We review the BIA’s denial of a motion to reopen for abuse of discretion. Ali v. Gonzales, 448 F.3d 515, 517 (2d Cir.2006) (citing INS v. Doherty, 502 U.S. 314, 322-23, 112 S.Ct. 719, 116 L.Ed.2d 823 (1992)).

An alien may file only one motion to reopen and that motion must be filed no more than 90 days after the entry of a final order of removal. See 8 U.S.C. § 1229a(c)(7)(A)(C); 8 C.F.R. § 1003.2(c)(2). Zheng’s motion to reopen was untimely, and we find no abuse of discretion in the BIA’s finding that she did not qualify for an exception to the time limitation based on the alleged ineffective assistance of counsel. See 8 C.F.R. § 1003.2(c)(2). In certain circumstances, an alien may toll the applicable time limit by demonstrating ineffective assistance of counsel. See Iavorski v. INS, 232 F.3d 124, 126-27 (2d Cir.2000). However, in addition to showing prejudice and complying with the requirements set forth in In re Lozada, 19 I. & N. Dec. 637 (B.I.A. 1988), the alien must show that she exercised due diligence during the period she sought to toll. See Jian Hua Wang v. BIA 508 F.3d 710, 715 (2d Cir.2007). As we have held, “no matter how egregiously ineffective counsel’s assistance may have been, an alien will not be entitled to equitable tolling unless [s]he can affirmatively demonstrate that [s]he exercised reasonable due diligence during the time period sought to be tolled.” Cekic v. INS, 435 F.3d 167, 170 (2d Cir.2006).

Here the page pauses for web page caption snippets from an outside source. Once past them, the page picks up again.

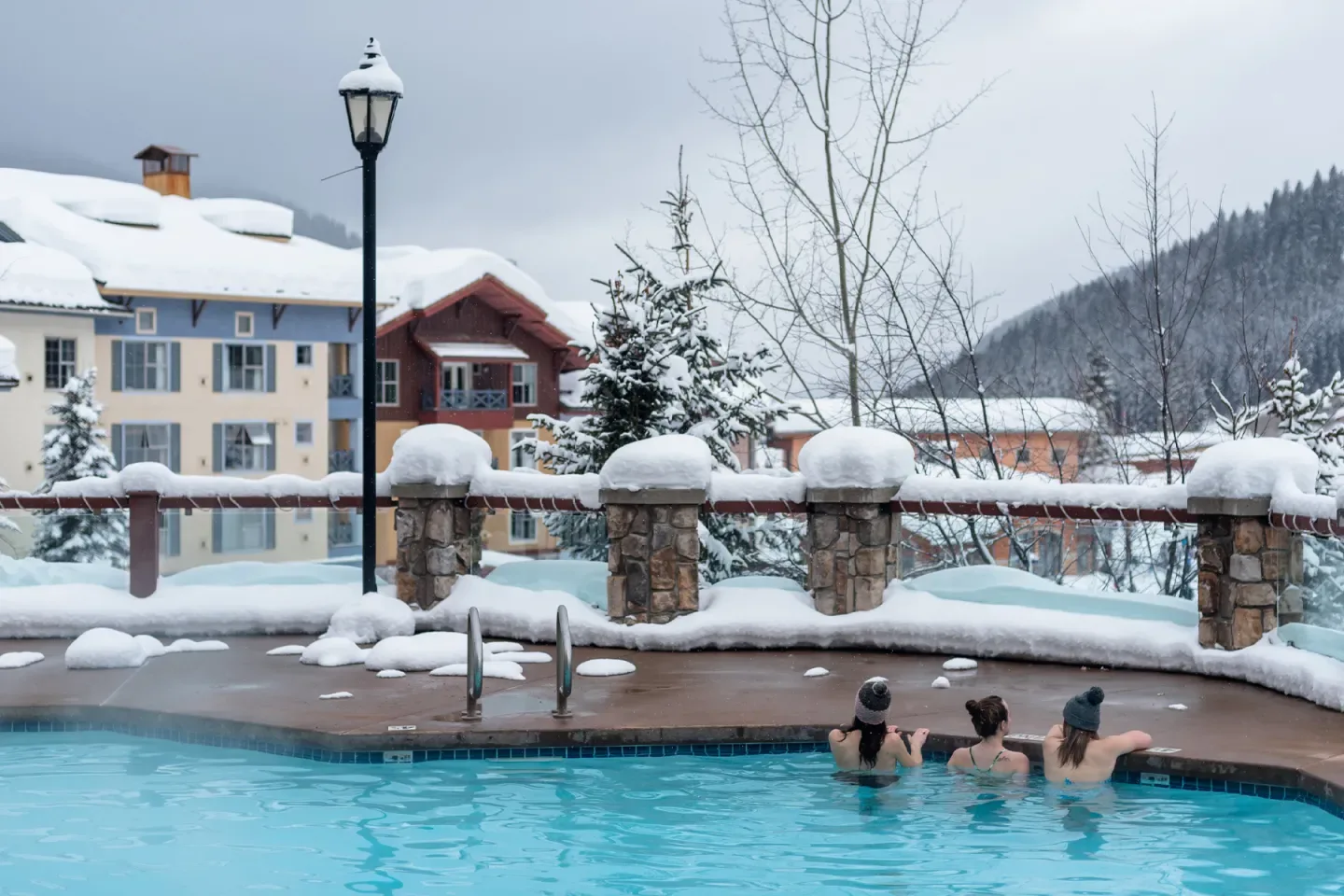 Guests in the outdoor pool beside chalet-style buildings.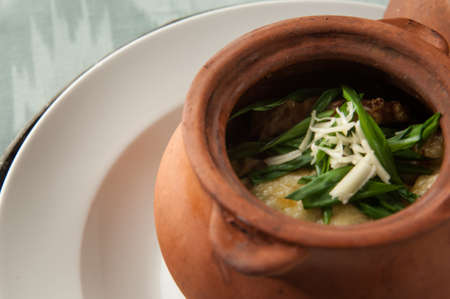 dish in a clay pot closeup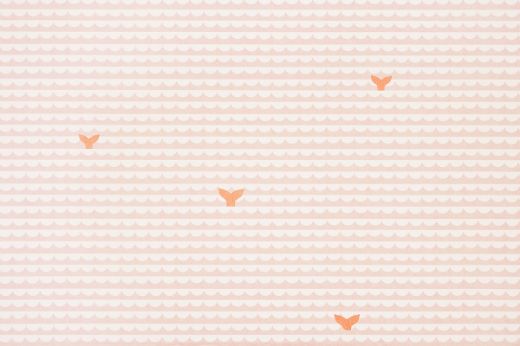 Soft peach and white scalloped pattern with bright orange whale tails.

Here, the record supports the BIA’s finding that Zheng knew of her prior attorney’s ineffective assistance when the IJ issued his decision in April 2001. See Jian Hua Wang, 508 F.3d at 715. The transcript of the hearing reveals that after the IJ rendered his decision, he proceeded to address Zheng, through an interpreter, and explain why he was denying her applications for relief. Specifically, the IJ explained to Zheng that he had denied her case in part because her attorney failed to offer her sister as a witness to corroborate her alleged forced abortion in China. In her brief, Zheng asserted that she did not understand the “adverse [ejffect” of her attorney’s actions because he never explained what had happened in her case. However, where the IJ himself told Zheng of her counsel’s deficient presentation of evidence, we cannot find that the BIA erred in concluding that Zheng was on notice of the allegedly ineffective assistance as of the date of the IJ’s oral decision. See id.

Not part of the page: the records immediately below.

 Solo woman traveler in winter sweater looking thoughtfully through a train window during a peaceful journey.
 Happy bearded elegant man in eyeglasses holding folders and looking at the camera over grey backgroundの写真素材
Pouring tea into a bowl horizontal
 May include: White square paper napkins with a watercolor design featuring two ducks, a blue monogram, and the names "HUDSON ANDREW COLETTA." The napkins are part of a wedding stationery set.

Moreover, the BIA properly found that Zheng failed to exercise due diligence from that point until she filed her motion to reopen over six years later. See Rashid v. Mukasey, 533 F.3d 127, 130-31 (2d Cir. 2008); Cekic, 435 F.3d at 170. In the absence of any explanation for this delay, other than the unsupported assertion that she did not learn of the ineffectiveness until she retained current counsel, we cannot find that the BIA abused its discretion in finding that Zheng failed to exercise due diligence. See Jian Hua Wang, 508 F.3d at 715; see also Cekic, 435 F.3d at 171; Iavorski, 232 F.3d at 134. Because the BIA’s finding that Zheng failed to exercise due diligence is dispositive, we need not reach the BIA’s alternative finding that counsel’s performance did not result in prejudice. See Cekic, 435 F.3d at 170.

*39For the foregoing reasons, the petition for review is DENIED. As we have completed our review, the pending request for oral argument in this petition is DENIED in accordance with Federal Rule of Appellate Procedure 34(a)(2), and Second Circuit Local Rule 34(b).